4. Seharusnya panitia menggunakan juri yang baru dan berkualitas. Kenapa tidak menggunakan pihak yang juga tidak diragukan kapasitasnya misalnya Afrizal Malna, Ignas Kleden, Agus R. Sarjono, Abdul Hadi WM, Suminto A. Sayuti, dan Rendra atau yang lainnya? Keberadaan juri yang pada umumnya itu-itu saja, akan menimbulkan kejenuhan pembaca, juga penyair yang karyanya masuk ke dalam buku tersebut.
5. Sampai kapanpun, sebagai pembaca, saya tidak bisa menerima karya panitia dan dewan juri ikut di kedua buku Pena Kencana. Kalau alasan, bahwa agar karya sastra terbaik - di mana karya panitia dan juga juri bisa termasuk di dalamnya - tidak boleh luput, itu adalah wujud ketidakrendahan hati. Apakah karya panitia dan dewan juri yang masuk di kedua buku itu benar-benar terbaik? Lantas apakah karya sastrawan yang tidak masuk, jelek? Sungguh sebuah keputusan yang tidak dapat dinalar.

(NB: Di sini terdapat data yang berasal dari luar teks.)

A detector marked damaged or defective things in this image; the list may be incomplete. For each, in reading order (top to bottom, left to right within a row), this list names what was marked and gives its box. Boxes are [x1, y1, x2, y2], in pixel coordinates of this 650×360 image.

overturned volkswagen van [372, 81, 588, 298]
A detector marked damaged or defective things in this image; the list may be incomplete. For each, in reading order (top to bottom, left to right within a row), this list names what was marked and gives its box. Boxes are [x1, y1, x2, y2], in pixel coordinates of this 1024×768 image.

6. Saya pun tidak bisa menerima pentasbihan karya terbaik melalui polling SMS. Kiat panitia untuk membuka ruang komentar pembaca atas karya, tidak menyelesaikan masalah atau tidak mengarah ke penilaian objektif. Pertanyaannya adalah apalah kualitas komentar pembaca memengaruhi hasil penetapan karya terbaik? Bagaimana kalau dua puisi dikomentari dengan kualitas argumen yang cukup bagus dan enam puisi puisi dikomentari oleh siswa SMA dengan tidak bagus, siapa yang akan menjadi karya terbaik? Bukankah kuantitas (jumlah) pemilih salah satu puisi tetap yang utama?
7. Jika hal di ats tidak diperhatikan maka penetapan karya-karya terbaik tersebut, tidak akan disambut positif masyarakat sastra Indonesia. Bahkan sebaliknya, dianggap penuh dengan kebingungan dan ketidakpuasan. Salam.
mana nich buku dan honornya? hehehe
….pengantar Arif B Prasetyo untuk 60 Puisi, justru melemahkan pilihan juri sendiri. memang, dia punya hak yang berbeda untuk menulis apapun apresiasinya. Tapi bahwa pembacaannya yang sekilas serba tak tuntas menunjukkan kemalasannya. lebih baik dia tidak menyebut satu pun puisi dalam pengantarnya, dari pada sekedar mencatut-catut. Alahmak….entah apa pulak ini encik….
bukan salah saya jika saya lahir tahun 1990 dan kemudian puisi saya masuk pena kencana 2009. bukan salah 1990, sungguh.
bukan salah saya jika saya lahir tahun 1990. bukan salah saya juga jika kelahiran 1990 puisinya masuk pena kencana 2009. bukan salah 1990, sungguh. dan maaf, saya tidak bisa menangis
Saya penggemar karya sastra, khususnya cerpen, dengan kualifikasi setengah awam. Tujuan utama saya membeli dan membaca kumpulan cerpen Indonesia terbaik ini adalah untuk penyegaran pikiran dan jiwa di sela-sela tekanan pekerjaan sehari-hari saya (pekerjaan yang tidak ada hubungannya sama sekali dengan sastra). Sebelum saya membaca cerpennya, saya ingin tahu gambaran secara komprehensif tentang cerpen-cerpen tersebut melalui analisis atau catatan dari mas Wicaksono Adi. Tapi kenapa ya, saya kok tambah pusing. Barangkali teksnya sangat panjang (40 halaman), bahasanya texbook” dan rumit (?)dan ditambah lagi diawali dengan catatan terhadap cerpen yang kelas berat (Pengantar Singkat untuk Rencana Pembunuhan Sultan Nurruddin).
Saya hanyalah pembaca yang setia dan membeli cerpen tersebut bukan karena ada hadiahnya. Namun hadiah memang perlu, karena hal demikian merupakan upaya “marketing” agar cerpen terbaik tersebut bisa dibaca banyak orang, bukan saja oleh ahlinya, setengah awam seperti saya, tetapi juga oleh orang-orang awam.
Salam,
Bagus itu Mas Sunlie, memang itu yang harus ditanyakan paling dulu, honor dan buku. Anugerah Pena Kencana ini jangan terlalu dianggap serius,mau masuk keq mau nggak keq gak ada pengaruhnya bagi kerja kepenyairan.
Hidup Penyair yang dipilih dan nggak dipilih !
knapa surat kabar dari medan blom masuk perhitungan? jadi tambah sulit bersaing neh.